Monday, December 16, 2013

How do you solve a problem like Carrie?

A little over a week ago NBC provided the country with a source of extended water cooler and dinner table conversation. For reasons not entirely clear, it revived the venerable Broadway classic "The Sound of Music" in a live, 3-hour broadcast. The reviews were mixed, at best, yet clearly NBC hopes this will become a "holiday classic" (it's already been repeated once).

Most of the controversy swirled around the show's star, Carrie Underwood, who played Maria. Nearly everyone agreed, whether they thought the event a success or not, that while Underwood's singing was more than adequate her dramatic performance fell short. In fact, many of those at the negative end of the critical spectrum thought her acting was simply awful, and said so.
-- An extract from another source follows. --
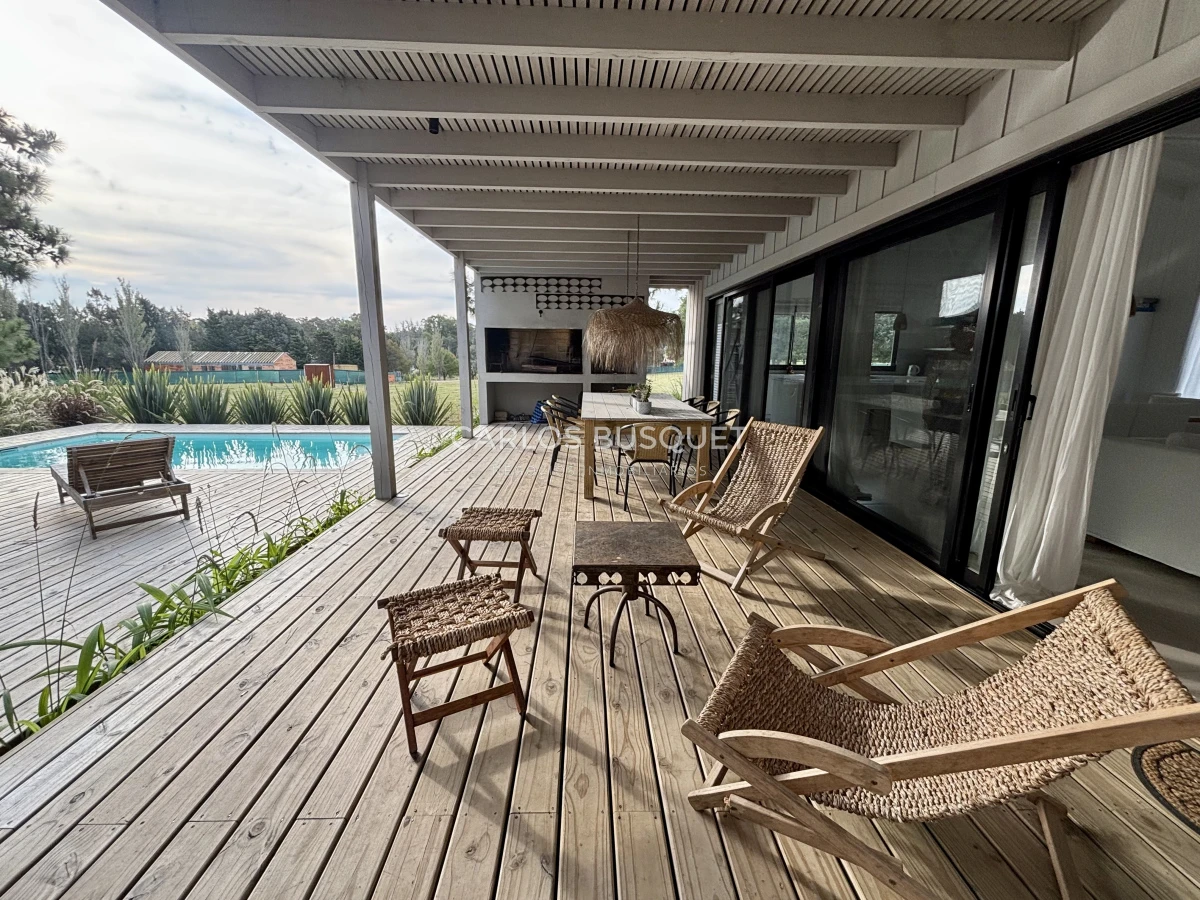 Casa ID.1094 - Casa en venta de 4 dormitorios en la Barra, Barrio Don Miguel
Well, performers get used to taking their critical lumps and move one--or they get out of performing. Except apparently for Ms Underwood. For her the issue wasn't one of dramatics and critical interpretation but theology and spirituality. After becoming aware of the harsh judgment many critics rendered on her performance, she responded on Twitter in a remarkably un-Hollywood fashion: "Plain and simple: Mean people need Jesus. They will be in my prayers tonight... 1 Peter 2:1-25." Arts critics rarely get their positions by being nice and being called "mean" must certainly be one the the gentler words they hear. But Underwood's telling her critical detractors that they need to find Jesus is probably a first for most of them.
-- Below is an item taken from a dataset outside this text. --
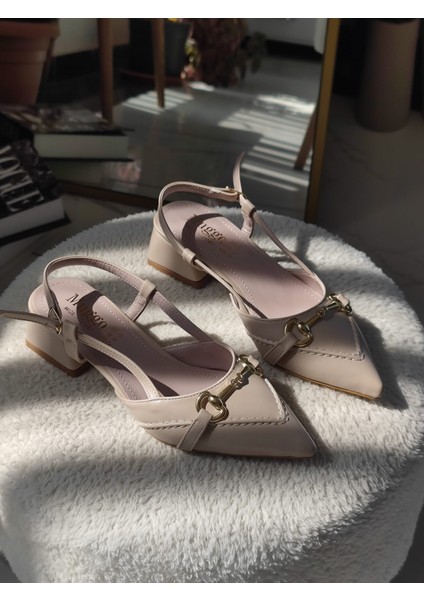 Elvia Sivri Burun Arkası Açık Metal Aksesuarlı Kadın Kısa Topuklu Ayakkabı fiyatları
I hope that Underwood knows at some level how disingenuous such a response is. But whether she does or not, it remains yet another sad example of how conservative Christians now turn everything in their lives into theological platforms, if not battlegrounds. Her acting was mediocre at best and most critics called her out for it. As critics do, especially to keep an audience for their material, many used over-the-top language in saying so. Thus it has always been and thus it will always be.
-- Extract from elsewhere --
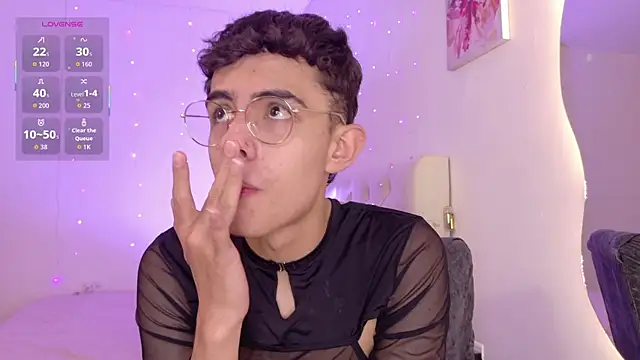 Eithan  wolf online show from July 12, 2026, 4:14 am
In the piously distorted, self-important worldview of a Carrie Underwood, however, such an "attack" becomes another skirmish in her lifelong participation in the struggle between good and evil, light and darkness. Sadly, this has become one of the primary appeals of evangelical Christianity. People's lives are not important or valued in and of themselves. It is not their relationships, their experiences, their talents, their accomplishments, their loves found and lost, their joys and sorrows, their lessons learned and taught that are to be valued and cherished. No, it is their role in the cosmic battle of the forces of God against the forces of Evil. Their own individual identity is of little or no account. It is only their identity as a soldier of Christ that truly matters.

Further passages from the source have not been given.